### Record set
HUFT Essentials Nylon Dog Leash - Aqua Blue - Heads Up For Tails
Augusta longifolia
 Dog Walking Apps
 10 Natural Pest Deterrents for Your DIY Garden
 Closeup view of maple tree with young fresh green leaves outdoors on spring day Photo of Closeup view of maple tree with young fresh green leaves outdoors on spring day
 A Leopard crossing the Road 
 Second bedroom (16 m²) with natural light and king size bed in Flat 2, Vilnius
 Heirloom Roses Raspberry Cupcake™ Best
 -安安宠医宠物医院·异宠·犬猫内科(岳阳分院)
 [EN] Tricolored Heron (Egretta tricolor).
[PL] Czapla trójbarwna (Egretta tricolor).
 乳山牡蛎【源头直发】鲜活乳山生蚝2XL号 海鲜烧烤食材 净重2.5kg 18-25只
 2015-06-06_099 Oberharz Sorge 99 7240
######
> _Assignment_
Everything in the material should be repeated exactly as written.

> _Expected answer_
HUFT Essentials Nylon Dog Leash - Aqua Blue - Heads Up For Tails
Augusta longifolia
 Dog Walking Apps
 10 Natural Pest Deterrents for Your DIY Garden
 Closeup view of maple tree with young fresh green leaves outdoors on spring day Photo of Closeup view of maple tree with young fresh green leaves outdoors on spring day
 A Leopard crossing the Road 
 Second bedroom (16 m²) with natural light and king size bed in Flat 2, Vilnius
 Heirloom Roses Raspberry Cupcake™ Best
 -安安宠医宠物医院·异宠·犬猫内科(岳阳分院)
 [EN] Tricolored Heron (Egretta tricolor).
[PL] Czapla trójbarwna (Egretta tricolor).
 乳山牡蛎【源头直发】鲜活乳山生蚝2XL号 海鲜烧烤食材 净重2.5kg 18-25只
 2015-06-06_099 Oberharz Sorge 99 7240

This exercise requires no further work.